Fiat-backed stablecoins have also depegged. USDT briefly dropped to $0.80 in 2018 amid solvency fears, and USDC (USDC) lost its peg in 2023 after Silicon Valley Bank collapsed — showing how even fiat reserves face traditional banking risks. Dai (DAI) and Frax (FRAX) — both partially backed by USDC — also dipped during the same period, deepening concerns about reserve interlinkages across the market.
Together, these episodes highlight liquidity shortfalls, eroding trust, and systemic risks that continue to challenge stablecoins — even as the market nears the $300-billion mark.
Did you know? Most depegs occur when liquidity pools run thin. Large sell-offs drain available liquidity, making recovery harder. Terra’s Curve pool imbalance in 2022 and Yala’s small Ether (ETH) pool in 2025 showed how limited depth can magnify market shocks.
Case study: The TerraUSD collapse
The May 2022 collapse of TerraUSD (UST) was a major blow to the crypto market, triggering a chain reaction across the industry and exposing the risks of algorithmic stablecoins. Unlike traditional fiat-backed versions, UST tried to maintain its $1 peg through an arbitrage mechanism with its sister token, LUNA.
Adoption of TerraUSD was fueled by the Anchor protocol, which offered unsustainable, subsidized yields of nearly 20% to UST depositors. As doubts about this model grew and crypto markets weakened, confidence collapsed, triggering a bank-run-like spiral. Large, sophisticated investors exited first, accelerating UST’s depeg. The first clear signs appeared on May 7, 2022, when two large wallets withdrew roughly 375 million UST from Anchor.
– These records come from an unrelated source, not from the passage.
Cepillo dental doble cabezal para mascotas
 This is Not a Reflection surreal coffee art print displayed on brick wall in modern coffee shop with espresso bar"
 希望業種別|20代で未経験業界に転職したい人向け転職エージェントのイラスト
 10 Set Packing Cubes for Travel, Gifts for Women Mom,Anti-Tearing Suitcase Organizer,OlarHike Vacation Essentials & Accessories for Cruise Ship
This triggered a massive wave of swaps from UST to LUNA. In just three days, LUNA’s supply jumped from around 1 billion to nearly 6 trillion, while its price crashed from about $80 to almost zero, completely breaking UST’s peg. The crash exposed major flaws in decentralized finance (DeFi), from unrealistic yield models to how smaller investors, often without timely information, ended up taking the biggest hit.
Did you know? Stablecoin depegs tend to spiral when panic spreads online. During UST’s collapse, social media buzz and forum discussions likely fueled a rush of withdrawals. The speed at which confidence vanished showed how quickly fear can spread in crypto, much faster than in traditional finance.
Case study: Yala’s YU stablecoin
In September 2025, Yala’s Bitcoin-backed stablecoin, YU, suffered a depegging event following an attempted attack. According to blockchain company Lookonchain, an attacker exploited the Yala protocol by minting 120 million YU tokens on the Polygon network. The attacker then bridged and sold 7.71 million YU tokens for 7.7 million USDC across the Ethereum and Solana networks.
By Sept. 14, 2025, the attacker had converted the USDC into 1,501 ETH and distributed the funds among multiple wallets. According to Lookonchain, the attacker still held 22.29 million YU tokens on Ethereum and Solana, with an additional 90 million YU remaining on the Polygon network, which had not been bridged.